Round-robin Least Outstanding Requests Performance Improvement
Median 68.5 54.7 25.23%
P95 1062.4 217.2 389.13%
P99 2374 386.4 514.39%

Here are some technical terms for testing:

  • Latency: Measures how fast the server responds to client requests. Usually measured in milliseconds (ms), the delay is also commonly referred to as response time. A lower number indicates a faster response. The delay is measured on the client side, from the time the request is sent to the time the response is received. The network overhead package is also included in this figure.
  • P99 metric: The average latency of all requests for the top 99 percent of response times needs to meet the metric. (The most stringent requirements, almost every request needs to meet the metrics)
  • P95 metric: The average latency of the top 95 percent of all requests needs to meet the metric. (The %5 requests with the longest response time are not counted, so they are a little lenient.)

As can be seen from the figure above, when all Requests (P99) are counted, the latency of Least Outstanding Requests is much higher than that of round-robin, which can be interpreted as the large number of round-robin Requests with long latency.

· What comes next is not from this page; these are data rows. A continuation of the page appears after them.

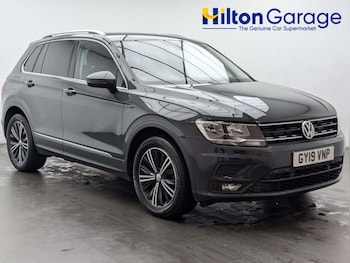 Volkswagen Tiguan feature image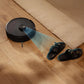 Cecotec Robot Vacuum Cleaner | Conga M70 | Wet&Dry | Operating time (max) 250 min | 4500 mAh | Dust capacity 400 L | 20000 Pa | Black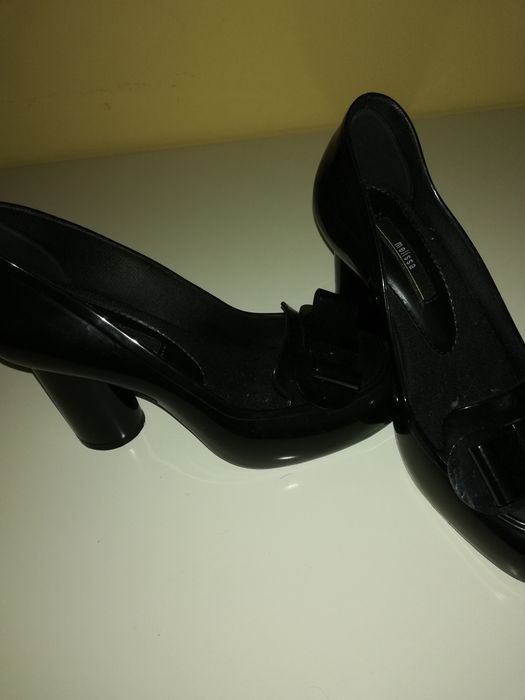 Sapatos Melissa originais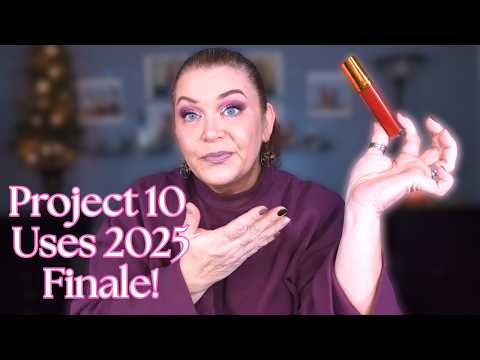 Project Pan Finale 2025 My Surprising Results!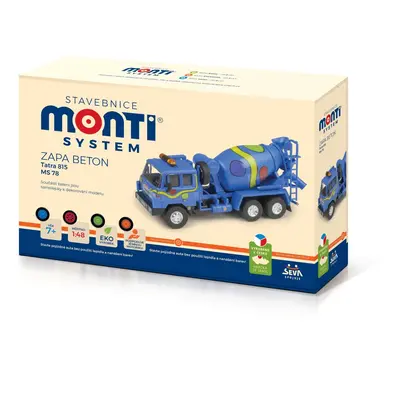 Monti 78 zapa beton 1:48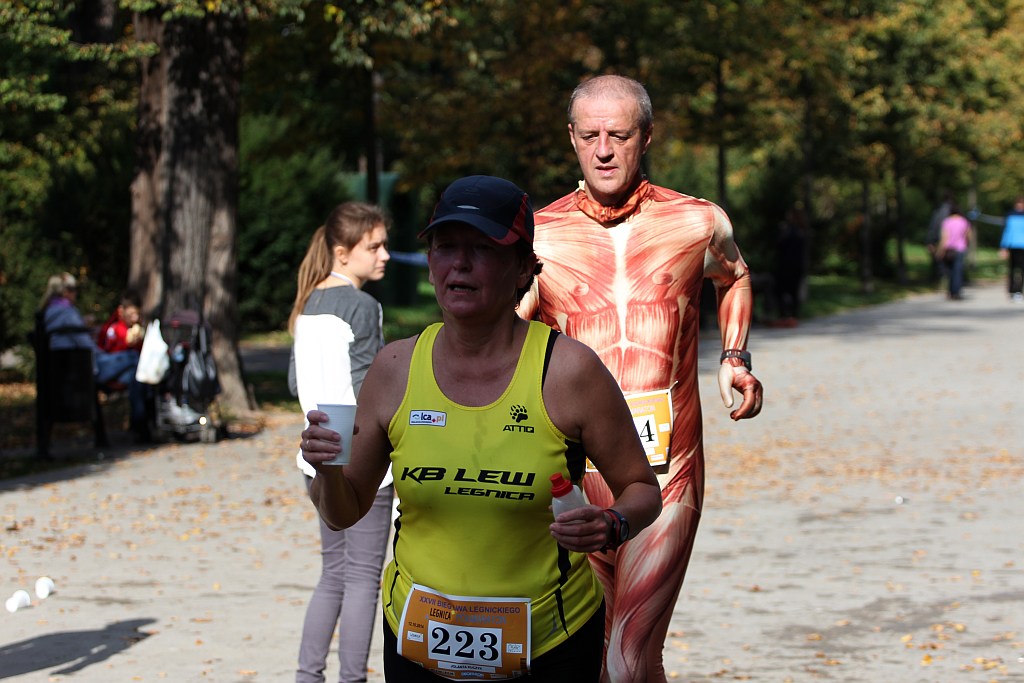 Półmaraton XXVII Bieg Lwa Legnickiego cz3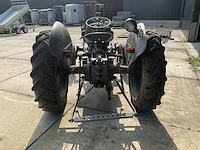 Ferguson ted oldtimer tractor - afbeelding 25 van  26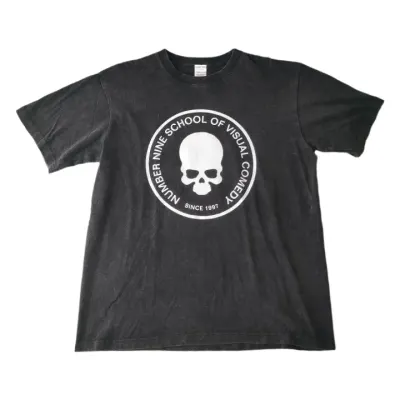 Number Nine Visual Comedy Shirt rep
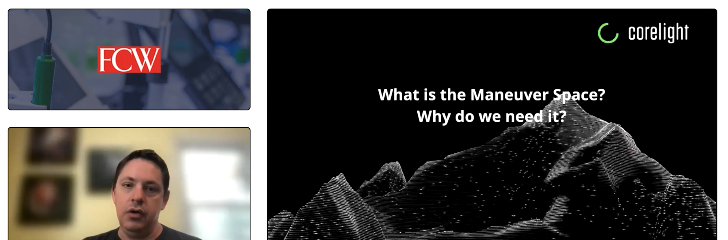 "By linking linking detection and telemetry together, you're able to have context immediately and you can get to a conclusion faster"- <a href="/alexgkirk/">Alex Kirk</a> on the many benefits of Maneuver Space in this <a href="/FCWnow/">FCW</a> video: media.performedia.com/2021/1105/vep2…

#CyberSecurity #DFIR #OpenNDR <a href="/corelight_inc/">Corelight</a>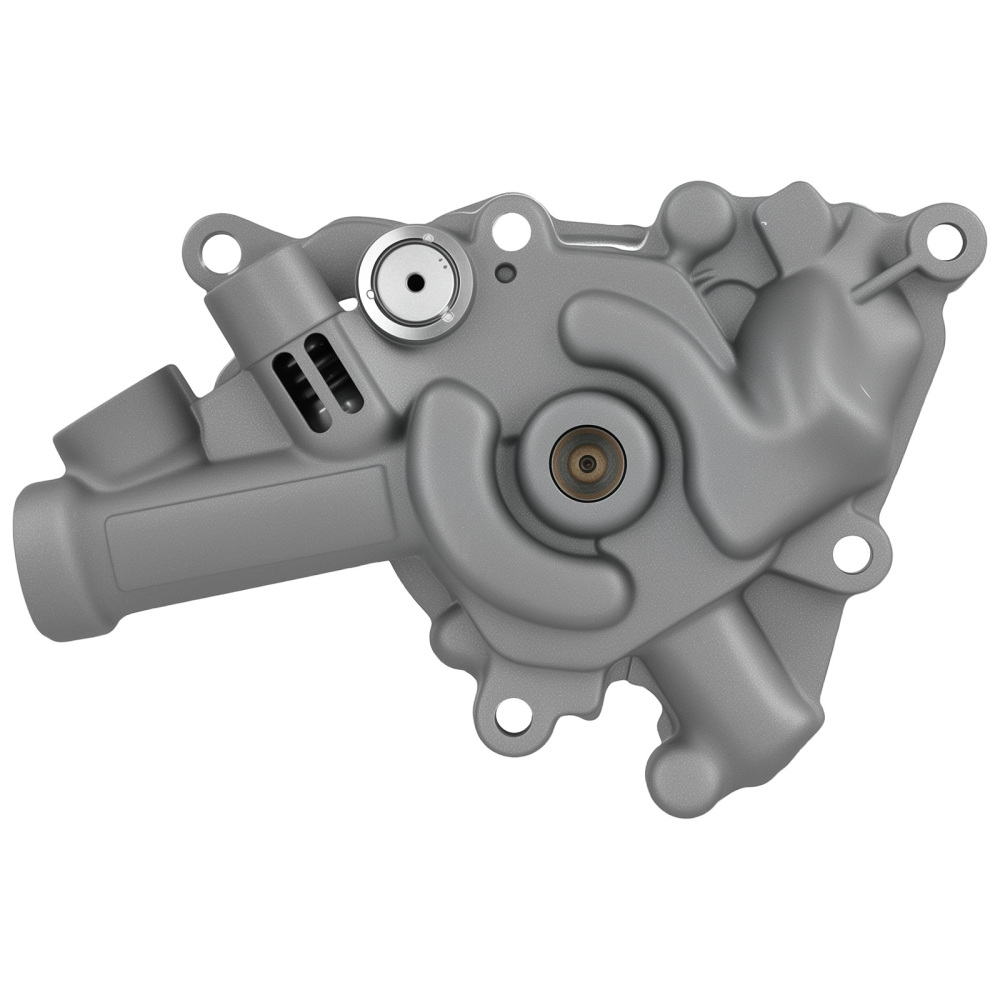 Pompa Olio compatibile per Mercedes-Benz C250 Base W204 L4 1.8L 2012-2015 V303822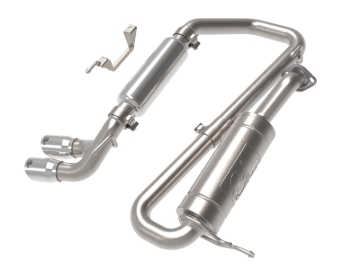 Picture of aFe Exhaust Cat Back - 49-37020-P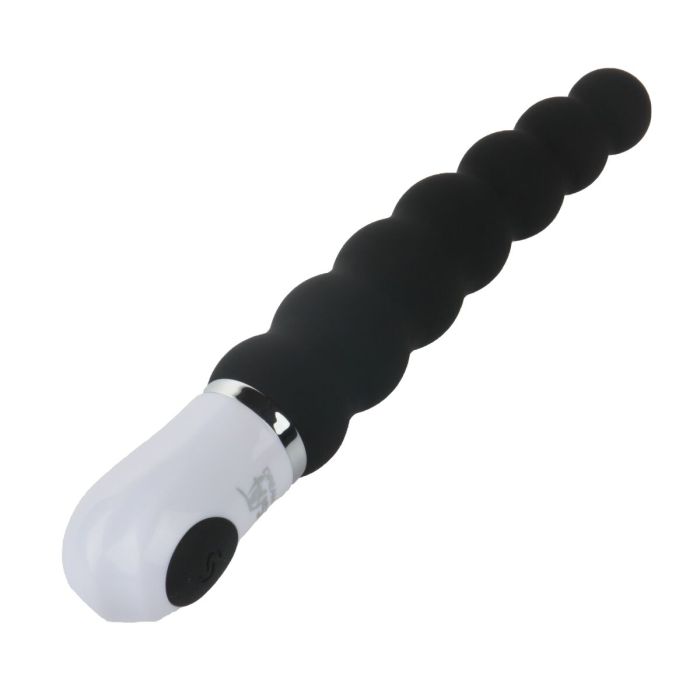 Vibrador Anal Negro Dream Toys Essentials Negro 4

Disadvantages of LOR algorithms

The main risk with LOR algorithms is that a large number of requests will result when new targets are added to the target group. In the LOR diagram above, Task 6 receives five requests in quick succession, which may put it under high load. This is risky when running WebSocket services, because when we are receiving thousands of connections per second, we don’t want all the new connections to suddenly be sent to a single task. HTTP services should not be affected that badly, but are still worth considering.

The ALB supports slow start, which instructs the ALB to slowly increase the number of requests that the new target will serve. The downside is that you can’t use LOR and slow start at the same time. The only way to avoid this problem is to ensure that our automatic scaling policy starts at least a few tasks during each scaling operation.

Another potential problem is that failed goals often respond faster than healthy ones. For example, if your service is not connected to a database, it might immediately respond with a 500 error. In this case, the failed target will receive a higher percentage of requests, resulting in more failed events. Therefore, it is important to ensure that the health check can respond quickly to failed targets. This still results in a failed request of at least 10 seconds, so it might be worth introducing some human error delay as well. Hopefully AWS will improve their health checks so that we can move traffic away from failing instances more quickly.

conclusion

In summary, LOR algorithms generally reduce latency. It helps balance resource utilization across the cluster.